The role of mediators: can dialogue break the blockade?
Mediators play a crucial role in transforming armed confrontation into negotiation. In Marébougou, neighboring mayors served as intermediaries between the village and the Katiba Macina. Yet in Saye, no such initiatives took hold. In Kori-Maoundé, Dan Na Ambassagou’s influence blocks any local mediation, and regional reconciliation support teams remain disconnected from the village’s immediate challenges. This contrast underscores a harsh truth: blockades are not just military tactics. Their persistence depends on the absence or failure of political, traditional, or religious intermediaries who could convert military power into dialogue. Without mediation, violence continues to fester.
Schools, agriculture, and livestock: the pillars of rural life under siege
In all three villages, schools were more than classrooms—they were pillars of community life, social hubs, and symbols of state presence. When blockades forced school closures, teachers fled, and students dispersed, the loss went beyond education. It signaled the erosion of collective futures.

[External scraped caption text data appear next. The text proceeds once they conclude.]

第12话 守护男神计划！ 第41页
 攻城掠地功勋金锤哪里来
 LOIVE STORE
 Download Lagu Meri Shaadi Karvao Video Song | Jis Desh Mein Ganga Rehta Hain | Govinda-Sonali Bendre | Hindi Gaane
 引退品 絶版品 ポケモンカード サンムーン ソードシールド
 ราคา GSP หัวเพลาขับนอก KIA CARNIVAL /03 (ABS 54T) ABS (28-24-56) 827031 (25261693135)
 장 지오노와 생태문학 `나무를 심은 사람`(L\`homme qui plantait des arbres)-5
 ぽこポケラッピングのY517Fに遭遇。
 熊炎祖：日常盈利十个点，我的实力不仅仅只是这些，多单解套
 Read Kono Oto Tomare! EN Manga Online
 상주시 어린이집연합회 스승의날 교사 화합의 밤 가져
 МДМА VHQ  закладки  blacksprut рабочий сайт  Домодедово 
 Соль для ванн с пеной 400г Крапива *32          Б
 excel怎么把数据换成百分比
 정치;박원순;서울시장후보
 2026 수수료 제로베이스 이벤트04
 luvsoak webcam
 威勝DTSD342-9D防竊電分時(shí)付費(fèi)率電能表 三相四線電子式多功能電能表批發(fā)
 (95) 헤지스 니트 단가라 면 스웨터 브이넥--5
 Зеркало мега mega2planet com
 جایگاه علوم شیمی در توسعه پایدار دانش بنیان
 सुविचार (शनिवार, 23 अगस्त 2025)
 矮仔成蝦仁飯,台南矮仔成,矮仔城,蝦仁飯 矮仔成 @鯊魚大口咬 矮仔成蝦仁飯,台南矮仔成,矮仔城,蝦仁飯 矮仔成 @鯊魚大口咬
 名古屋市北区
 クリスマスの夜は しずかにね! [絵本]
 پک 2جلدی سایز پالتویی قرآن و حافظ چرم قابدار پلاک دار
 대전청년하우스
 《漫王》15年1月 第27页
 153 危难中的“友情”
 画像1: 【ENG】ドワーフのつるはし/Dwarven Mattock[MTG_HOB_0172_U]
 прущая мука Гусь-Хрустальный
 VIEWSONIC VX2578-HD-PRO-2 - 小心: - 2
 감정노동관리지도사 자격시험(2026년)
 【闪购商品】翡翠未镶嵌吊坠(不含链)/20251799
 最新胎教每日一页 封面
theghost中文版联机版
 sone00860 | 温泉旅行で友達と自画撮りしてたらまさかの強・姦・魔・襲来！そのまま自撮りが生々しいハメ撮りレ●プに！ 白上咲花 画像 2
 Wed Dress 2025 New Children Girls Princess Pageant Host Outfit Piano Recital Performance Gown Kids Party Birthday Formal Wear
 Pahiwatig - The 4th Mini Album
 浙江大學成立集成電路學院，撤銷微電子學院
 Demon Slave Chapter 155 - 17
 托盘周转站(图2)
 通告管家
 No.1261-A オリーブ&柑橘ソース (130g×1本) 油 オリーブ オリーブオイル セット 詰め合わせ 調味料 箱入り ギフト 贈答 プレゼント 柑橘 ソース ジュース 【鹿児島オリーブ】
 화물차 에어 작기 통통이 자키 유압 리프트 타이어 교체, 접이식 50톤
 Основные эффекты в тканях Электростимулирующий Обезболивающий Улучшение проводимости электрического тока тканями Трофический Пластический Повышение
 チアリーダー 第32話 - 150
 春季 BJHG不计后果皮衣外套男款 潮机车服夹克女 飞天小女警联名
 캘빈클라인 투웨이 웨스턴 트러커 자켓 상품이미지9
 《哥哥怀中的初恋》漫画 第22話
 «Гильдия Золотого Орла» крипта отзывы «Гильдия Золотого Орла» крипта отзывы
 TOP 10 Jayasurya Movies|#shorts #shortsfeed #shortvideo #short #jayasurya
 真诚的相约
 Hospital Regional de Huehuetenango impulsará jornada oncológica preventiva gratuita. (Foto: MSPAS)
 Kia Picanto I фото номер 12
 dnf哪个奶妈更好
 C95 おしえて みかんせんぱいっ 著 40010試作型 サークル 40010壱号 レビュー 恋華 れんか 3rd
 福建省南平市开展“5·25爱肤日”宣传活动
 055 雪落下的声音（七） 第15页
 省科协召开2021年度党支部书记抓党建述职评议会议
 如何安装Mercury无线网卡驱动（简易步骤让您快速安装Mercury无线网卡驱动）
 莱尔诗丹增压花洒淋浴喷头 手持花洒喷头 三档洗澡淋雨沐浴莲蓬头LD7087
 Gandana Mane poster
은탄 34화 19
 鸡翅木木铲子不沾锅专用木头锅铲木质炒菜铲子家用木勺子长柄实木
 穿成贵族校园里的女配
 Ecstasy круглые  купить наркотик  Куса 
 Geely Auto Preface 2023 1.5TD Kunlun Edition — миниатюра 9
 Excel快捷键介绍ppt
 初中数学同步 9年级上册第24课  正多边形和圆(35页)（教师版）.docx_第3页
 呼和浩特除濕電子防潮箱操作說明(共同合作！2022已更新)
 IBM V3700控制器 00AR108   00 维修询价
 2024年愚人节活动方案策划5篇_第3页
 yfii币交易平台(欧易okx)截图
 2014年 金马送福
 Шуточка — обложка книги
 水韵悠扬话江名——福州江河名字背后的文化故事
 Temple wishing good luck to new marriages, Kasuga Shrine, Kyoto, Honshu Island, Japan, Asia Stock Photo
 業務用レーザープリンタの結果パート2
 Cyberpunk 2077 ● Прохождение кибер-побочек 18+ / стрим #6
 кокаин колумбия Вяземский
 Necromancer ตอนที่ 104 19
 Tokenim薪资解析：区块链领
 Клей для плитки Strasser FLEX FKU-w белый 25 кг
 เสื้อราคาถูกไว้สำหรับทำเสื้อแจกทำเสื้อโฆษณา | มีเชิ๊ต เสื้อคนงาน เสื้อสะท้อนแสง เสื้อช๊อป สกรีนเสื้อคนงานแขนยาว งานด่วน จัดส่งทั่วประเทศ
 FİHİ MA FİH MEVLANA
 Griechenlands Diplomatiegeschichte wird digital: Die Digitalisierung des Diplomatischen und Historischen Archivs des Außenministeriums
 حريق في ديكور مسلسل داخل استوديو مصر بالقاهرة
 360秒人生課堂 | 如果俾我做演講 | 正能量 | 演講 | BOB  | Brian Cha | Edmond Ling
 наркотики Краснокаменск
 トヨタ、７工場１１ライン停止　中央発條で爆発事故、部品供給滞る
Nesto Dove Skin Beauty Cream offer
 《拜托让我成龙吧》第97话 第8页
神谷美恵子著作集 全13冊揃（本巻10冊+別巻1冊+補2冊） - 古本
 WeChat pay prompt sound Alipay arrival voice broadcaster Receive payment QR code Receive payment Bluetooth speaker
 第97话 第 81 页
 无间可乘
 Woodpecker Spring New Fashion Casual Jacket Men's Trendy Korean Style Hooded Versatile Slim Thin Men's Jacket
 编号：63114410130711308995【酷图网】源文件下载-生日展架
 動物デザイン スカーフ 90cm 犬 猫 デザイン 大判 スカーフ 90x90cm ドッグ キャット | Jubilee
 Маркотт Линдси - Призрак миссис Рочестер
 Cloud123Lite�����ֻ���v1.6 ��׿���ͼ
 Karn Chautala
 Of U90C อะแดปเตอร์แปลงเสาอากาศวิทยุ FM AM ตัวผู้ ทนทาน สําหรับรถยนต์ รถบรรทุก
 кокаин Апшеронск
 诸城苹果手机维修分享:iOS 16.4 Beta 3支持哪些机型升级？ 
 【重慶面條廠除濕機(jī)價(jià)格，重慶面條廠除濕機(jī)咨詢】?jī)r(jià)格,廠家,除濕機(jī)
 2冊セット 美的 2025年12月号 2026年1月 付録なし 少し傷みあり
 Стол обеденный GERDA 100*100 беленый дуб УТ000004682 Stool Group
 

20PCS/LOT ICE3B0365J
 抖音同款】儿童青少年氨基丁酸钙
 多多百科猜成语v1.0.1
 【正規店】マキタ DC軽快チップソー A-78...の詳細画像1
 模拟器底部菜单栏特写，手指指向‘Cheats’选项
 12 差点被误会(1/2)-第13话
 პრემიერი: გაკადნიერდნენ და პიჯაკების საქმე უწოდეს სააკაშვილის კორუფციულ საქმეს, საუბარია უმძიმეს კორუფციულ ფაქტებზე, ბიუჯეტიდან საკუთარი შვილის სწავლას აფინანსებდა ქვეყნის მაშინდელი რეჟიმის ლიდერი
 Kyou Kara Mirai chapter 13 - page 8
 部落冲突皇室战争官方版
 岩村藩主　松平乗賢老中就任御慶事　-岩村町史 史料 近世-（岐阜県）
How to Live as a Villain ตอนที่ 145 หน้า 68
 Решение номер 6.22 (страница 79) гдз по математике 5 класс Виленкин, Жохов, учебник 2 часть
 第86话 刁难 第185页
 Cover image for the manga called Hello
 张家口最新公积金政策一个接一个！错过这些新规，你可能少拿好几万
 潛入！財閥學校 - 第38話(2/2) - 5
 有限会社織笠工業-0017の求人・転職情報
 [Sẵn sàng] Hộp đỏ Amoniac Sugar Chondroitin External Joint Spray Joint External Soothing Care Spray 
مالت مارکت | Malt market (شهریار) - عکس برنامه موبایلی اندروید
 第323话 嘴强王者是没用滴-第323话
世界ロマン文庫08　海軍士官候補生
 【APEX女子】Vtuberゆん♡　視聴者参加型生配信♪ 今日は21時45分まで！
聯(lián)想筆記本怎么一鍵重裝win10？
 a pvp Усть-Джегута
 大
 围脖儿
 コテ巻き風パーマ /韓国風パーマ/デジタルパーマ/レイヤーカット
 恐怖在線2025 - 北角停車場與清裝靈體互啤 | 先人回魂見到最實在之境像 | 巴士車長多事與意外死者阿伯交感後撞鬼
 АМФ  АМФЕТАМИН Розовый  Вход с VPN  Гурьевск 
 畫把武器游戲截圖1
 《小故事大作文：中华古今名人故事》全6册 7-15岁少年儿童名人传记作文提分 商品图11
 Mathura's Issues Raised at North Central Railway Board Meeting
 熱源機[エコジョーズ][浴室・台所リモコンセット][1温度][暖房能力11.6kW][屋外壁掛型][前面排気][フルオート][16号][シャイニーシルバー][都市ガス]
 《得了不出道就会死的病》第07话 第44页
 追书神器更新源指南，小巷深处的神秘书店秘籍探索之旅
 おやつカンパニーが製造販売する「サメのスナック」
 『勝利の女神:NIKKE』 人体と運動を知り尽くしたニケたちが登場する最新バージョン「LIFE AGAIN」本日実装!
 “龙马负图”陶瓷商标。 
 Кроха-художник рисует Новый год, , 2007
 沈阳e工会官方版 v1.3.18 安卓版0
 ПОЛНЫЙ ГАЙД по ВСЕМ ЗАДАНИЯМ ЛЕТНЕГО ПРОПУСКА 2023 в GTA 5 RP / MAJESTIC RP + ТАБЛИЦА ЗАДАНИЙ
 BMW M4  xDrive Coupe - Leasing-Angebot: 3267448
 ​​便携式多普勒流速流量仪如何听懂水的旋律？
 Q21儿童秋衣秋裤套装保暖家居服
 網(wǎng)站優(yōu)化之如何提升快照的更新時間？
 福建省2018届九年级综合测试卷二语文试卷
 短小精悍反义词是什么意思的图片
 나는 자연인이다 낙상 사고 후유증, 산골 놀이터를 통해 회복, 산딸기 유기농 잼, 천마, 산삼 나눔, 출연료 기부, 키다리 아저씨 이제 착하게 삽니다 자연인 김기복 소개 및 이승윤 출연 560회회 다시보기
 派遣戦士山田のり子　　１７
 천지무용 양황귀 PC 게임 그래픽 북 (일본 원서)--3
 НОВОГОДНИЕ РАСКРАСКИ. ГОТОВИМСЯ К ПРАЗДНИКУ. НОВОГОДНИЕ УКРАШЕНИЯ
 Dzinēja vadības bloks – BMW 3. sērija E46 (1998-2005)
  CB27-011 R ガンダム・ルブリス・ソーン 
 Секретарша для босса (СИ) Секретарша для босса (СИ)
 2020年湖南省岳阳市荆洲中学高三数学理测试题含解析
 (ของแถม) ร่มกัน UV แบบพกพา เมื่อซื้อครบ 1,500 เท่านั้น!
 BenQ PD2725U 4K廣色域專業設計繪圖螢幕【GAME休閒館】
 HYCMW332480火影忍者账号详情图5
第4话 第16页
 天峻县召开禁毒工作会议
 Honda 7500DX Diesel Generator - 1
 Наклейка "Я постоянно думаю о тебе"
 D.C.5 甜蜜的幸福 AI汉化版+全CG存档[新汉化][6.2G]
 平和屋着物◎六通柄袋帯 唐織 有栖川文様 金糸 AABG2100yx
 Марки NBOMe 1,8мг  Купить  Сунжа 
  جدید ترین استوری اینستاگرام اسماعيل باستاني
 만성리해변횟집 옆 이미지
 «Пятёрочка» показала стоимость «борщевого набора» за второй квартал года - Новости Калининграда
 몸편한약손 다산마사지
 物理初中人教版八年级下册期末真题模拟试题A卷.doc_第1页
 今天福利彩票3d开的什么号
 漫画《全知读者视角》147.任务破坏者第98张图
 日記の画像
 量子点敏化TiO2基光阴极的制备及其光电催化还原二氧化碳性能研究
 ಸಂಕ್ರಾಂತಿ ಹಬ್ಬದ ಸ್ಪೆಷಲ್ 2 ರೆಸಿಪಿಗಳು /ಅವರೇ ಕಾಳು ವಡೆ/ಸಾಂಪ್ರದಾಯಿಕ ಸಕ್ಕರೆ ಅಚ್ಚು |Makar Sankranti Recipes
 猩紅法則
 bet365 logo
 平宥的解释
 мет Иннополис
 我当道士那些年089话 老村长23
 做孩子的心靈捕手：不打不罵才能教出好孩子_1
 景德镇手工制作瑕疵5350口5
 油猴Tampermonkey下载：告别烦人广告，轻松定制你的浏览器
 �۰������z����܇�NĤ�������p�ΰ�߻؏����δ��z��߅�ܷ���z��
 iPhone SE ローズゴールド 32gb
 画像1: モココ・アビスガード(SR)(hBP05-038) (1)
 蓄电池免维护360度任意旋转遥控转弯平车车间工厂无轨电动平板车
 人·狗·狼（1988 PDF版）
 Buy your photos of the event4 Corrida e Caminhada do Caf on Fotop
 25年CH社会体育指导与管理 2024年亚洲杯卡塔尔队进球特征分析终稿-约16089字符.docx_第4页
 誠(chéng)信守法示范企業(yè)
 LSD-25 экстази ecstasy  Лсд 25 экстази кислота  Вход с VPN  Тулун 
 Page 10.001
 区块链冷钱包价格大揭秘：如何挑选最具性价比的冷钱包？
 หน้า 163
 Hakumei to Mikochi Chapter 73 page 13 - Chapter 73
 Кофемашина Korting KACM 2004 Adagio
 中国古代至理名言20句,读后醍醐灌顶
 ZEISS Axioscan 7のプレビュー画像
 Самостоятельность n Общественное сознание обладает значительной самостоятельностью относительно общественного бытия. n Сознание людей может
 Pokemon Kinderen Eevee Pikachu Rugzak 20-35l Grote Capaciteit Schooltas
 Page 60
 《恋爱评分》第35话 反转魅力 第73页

Agriculture, the backbone of rural economies, was the first to collapse. Fields became battle zones; crops were burned; and farmers were targeted. In Marébougou, only plots near the village remained cultivable. Elsewhere, insecurity shrank arable land, forcing households to rely on outside supplies—supplies that the blockade made impossible to obtain. Livestock and cattle markets, vital to the economies of Ségou and Mopti, disappeared or became deadly. Women, who often manage small-scale farming, food processing, and trade, saw their autonomy shrink. The blockade didn’t just destroy income—it severed the social and economic ties that held these territories together.
Community solidarity: the last line of defense
Yet survival under siege is not just about suffering. The study uncovered remarkable acts of solidarity—shared meals, water distribution, aid for the sick, shared labor, and support for vulnerable households. In Saye and Marébougou, many spoke of strengthened community bonds in the face of adversity. These networks didn’t eliminate hunger or fear, but they delayed the total collapse of social fabric. They proved that villagers are not passive victims. They actively shape their survival, creating local forms of protection in the absence of state presence.
Marébougou, Saye, and Kori-Maoundé reveal the blockade as more than a military tactic. It has become a territorial control technology. By dominating roads, markets, schools, and social norms, armed groups are reshaping daily life in central Mali. While they don’t occupy every village, their influence increasingly shapes how people live, move, and survive.
From forced surrender to prolonged resistance, from pragmatic deals to partial flight—each village responds differently. But one question unites them all: how can life continue when everything connecting a territory to the outside world—roads, fields, schools, markets—can vanish overnight? In Ségou and Mopti, blockades do more than create shortages. They impose a political order built on fear.